Life cycle assessment
Energy
The energy footprint was largest for CON at 18.7 MJ kg per HCW, followed by GR45 at 13.8 MJ kg per HCW, then GF25 at 8.85 MJ kg per HCW, and GF20 with the lowest energy footprint at 7.65 MJ kg per HCW (Table 4). The energy footprints for the CON and GR45 treatments were greater than the grass-fed treatments due to increased transportation and farming inputs needed to produce and deliver their feedyard rations. The GF25 system produced a slightly greater energy value compared to GF20 due to the increased energy demands for irrigating pasture. Treatment energy use by operational category is represented in Figure 3.
Smog formation
The smog formation potential was highest for the CON (0.15 O3 eq kg per HCW) followed by GR45 (0.08 O3 eq kg per HCW), with the GF20 (0.01 O3 eq kg per HCW) and GF25 (0.01 O3 eq kg per HCW) resulting in substantially smaller smog formation impacts (Table 4). The lower smog footprint of the 100% grass-fed system was expected due to lower transportation and production inputs (i.e., feed production) compared to the conventional system. Treatment smog emissions by operational category is represented in Figure 4.
Consumptive water use
The GF25 treatment resulted in the largest water footprint of 1,210 L kg per HCW, followed by CON with a water footprint of 910 L kg per HCW, then GR45 at 664 L kg per HCW, and finally GF20 with the lowest water footprint of 465 L kg per HCW. The GF25 system resulted in higher water usage than the GF20 system due to the use of irrigated pasture during the finishing phase. Breakdown of water use per operation category for each system is provided in Figure 5.
Global warming potential
The CON beef systems resulted in the lowest GWP of 4.79 CO2eq kg per HCW (Table 4).

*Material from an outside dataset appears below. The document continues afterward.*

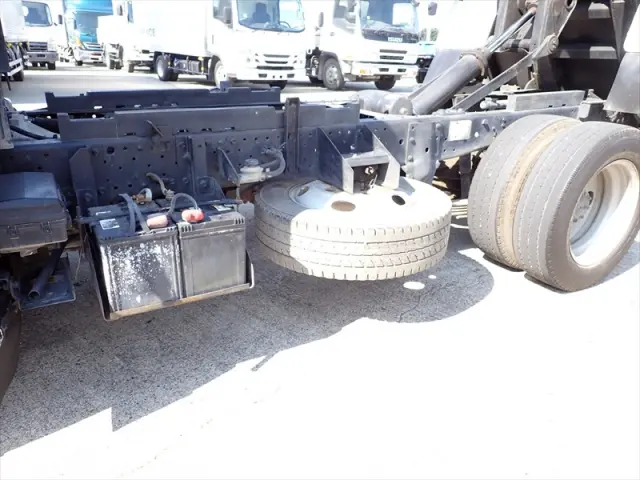 いすゞ エルフ TPG-NJR85AD(2WD)の写真14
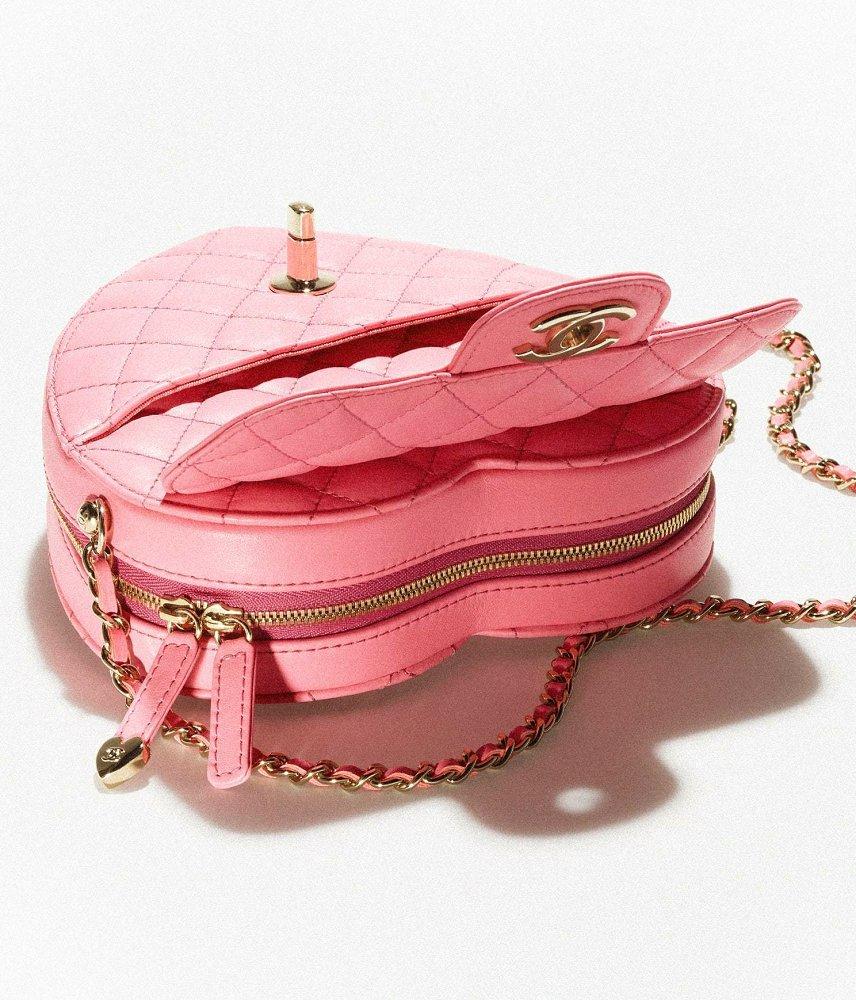 シャネル CHANEL ハート バッグ ラムスキン ロゴ AS3191 B07958 NH621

Within this system, enteric methane accounted for 54% of emissions, followed by feed and mineral emissions at 14% and on farm energy and total transportation and manure emissions all at 11% (Figure 6). When compared to the CON system the GWP for GF20 was 40% greater at 6.74 CO2 eq kg per HCW (Table 4). The GWP value was greater for the GF20 system principally due to the increase in enteric methane production and decreased harvest weight and DP. Breakdown of GWP per operation category for each system is provided in Figure 6.
Land occupation rate
Land occupation rate was lowest for the CON system at 1.28 m2 yr kg per HCW (Table 4). In comparison, due to the large amount of rangeland required, the GF20 required the greatest land occupation rate at 11.3 m2 yr kg per HCW, followed by GF25 at 9.82 m2 yr kg per HCW, then GR45 at 9.64 m2 yr kg per HCW. For a more comprehensive view on land occupation rate, land occupation was subdivided into irrigated pasture, rangeland, and farmland and mining (Table 5). When comparing irrigated pasture, land occupation for GF25 was 0.08 m2 yr kg per HCW. This was 400% greater than the CON system at 0.02 m2 yr kg per HCW. The GF20 had the largest rangeland land occupation rate of 10.5 m2 yr kg per HCW followed by the GF25 at 8.25 m2 yr kg per HCW and the GR45 at 7.95 m2 yr kg per HCW (Table 5). As expected, the CON and GR45 systems required considerably more farmland and mining land compared to the grass-fed systems due to commodity production at 0.81 and 1.10 m2 yr kg per HCW, respectively. The GR45 system had a slightly greater farmland and mining land occupation rate compared to the CON system due to the greater in weights of the cattle and the lower gain to feed ratio.
Table 5.
Treatment1 | Per head cost, without processing and marketing, $hd1 | Per head cost, with processing and marketing costs, $hd−1 | Breakeven without processing and marketing costs, $kg−1 of HCW | Breakeven with processing and marketing costs, $kg−1 of hot HCW |
---|---|---|---|---|
CON | 1,543 | 2,320 | 4.00 | 6.01 |
GF20 | 1,405 | 2,066 | 6.11 | 8.98 |
GR45 | 1,601 | 2,431 | 5.29 | 8.02 |
GF25 | 1,635 | 2,432 | 5.60 | 8.33 |
CON, steers stocked on pasture then finished in a feedyard; GF20, steers grass-fed for 20 mo; GR45, steers grass-fed for 20 mo with a 45-d grain finish; GF25, steers grass-fed for 25 mo.
Discussion
Cattle performance and carcass quality
FBW, DP, and yield and quality grade
In the present study, GF20 and GF25 finished weights (478 and 570 kg, respectively), were similar in performance to previous grass-fed studies completed in the Eastern United States, where animals finished between 400 and 559 kg (Brown et al., 2009; Scaglia et al., 2012, 2014; Schmidt et al., 2013). In comparison to a grass-fed beef study performed in California by Cruz et al. (2013), the GF25 finished weight was 45 kg lower. Although breed, age of harvest, and location were similar between the two Californian grass-fed beef studies, weather and nutritional logistics were different. In the California Mediterranean climate, the majority of rainfall occurs during the late fall-winter to early spring, with high forage nutrition available on rangelands between February and May (George et al., 2001). In Cruz et al. (2013), despite the ample rainfall in December (NOAA, 2013), to avoid a decrease in nutritional plane during the winter, steers on rangeland were supplemented with alfalfa hay for a 40-d period. In our study, due to delayed rains and persistent overcast, rangeland nutrition remained poor throughout the entire winter resulting in an 18 kg weight loss for grass-fed steers between the months of November and March.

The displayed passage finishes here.